Nel 2010 Thomas Ostermeier, in un freddissimo dicembre, portava a Venezia un workshop su Amleto, lavoro di ricerca per attori volto a decostruire il classico di Shakespeare, interrogandosi sull’uso delle tecnologie e dei mezzi di comunicazione a teatro.
In quella occasione, tra i giovani critici del laboratorio tenuto da Andrea Porcheddu, OctoberTest, c’era Fabiana Campanella che ha intervistato il maestro.
L’anno successivo, Thomas Ostermeier è di nuovo a Venezia con Hamlet. Il laboratorio di critica non poteva certo mancare, anzi scelse di essere presente con un quotidiano cartaceo, L’ottavo peccato, dalle cui colonne Fabiana Campanella scriveva: «Nei 150 minuti dello spettacolo, il quarantaduenne regista tedesco decostruisce il testo e ne spalanca i meccanismi narrativi, in una corsa verso la vendetta, una progressiva e ineluttabile discesa agli inferi, dalla morte del padre alla morte del figlio.»
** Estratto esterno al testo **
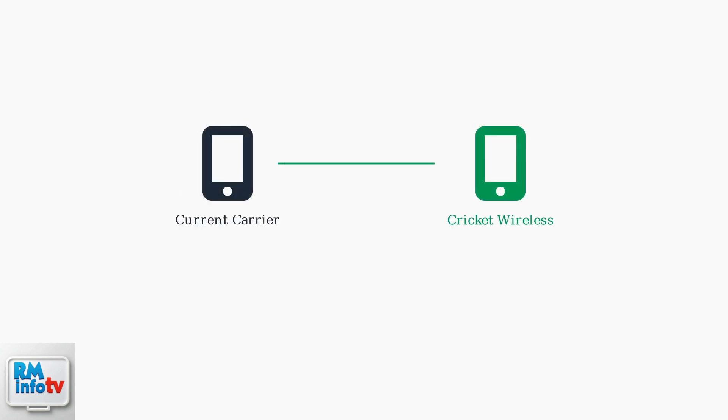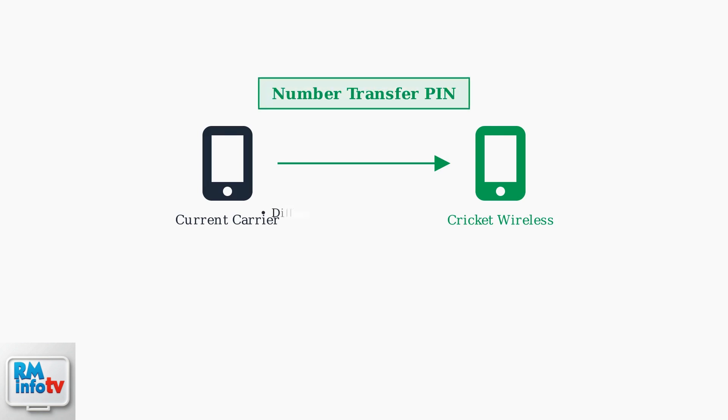When keeping your existing phone number, you'll need a number transfer pin from your current carrier. This pin is different from your regular account pin and has specific timing requirements — it's typically valid for only a few days, so request it close to when you plan to activate your Cricut service.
Nel 2013, invece, Ostermeier è alla Biennale con un altro classico: Un nemico del popolo di Ibsen, ambientato nella crisi economica del nostro presente, con un attacco al sistema capitalistico destinato a far discutere. Eccone un assaggio nel trailer.
E per i 43 anni del Festival Internazionale di Teatro, il “Leone tedesco” torna sul sentiero della reinterpretazione dei classici, questa volta cinematografici: Il matrimonio di Maria Braun, tratto dal film di Fassbinder. Ancora una feroce critica alla società pronta a svendersi al dio denaro, che rievoca la Germania del secondo dopoguerra (che forse ci somiglia più di quanto pensiamo).
A Venezia Thomas Ostermeier è presente anche con un workshop per giovani attori sul tema “osservare e reagire”.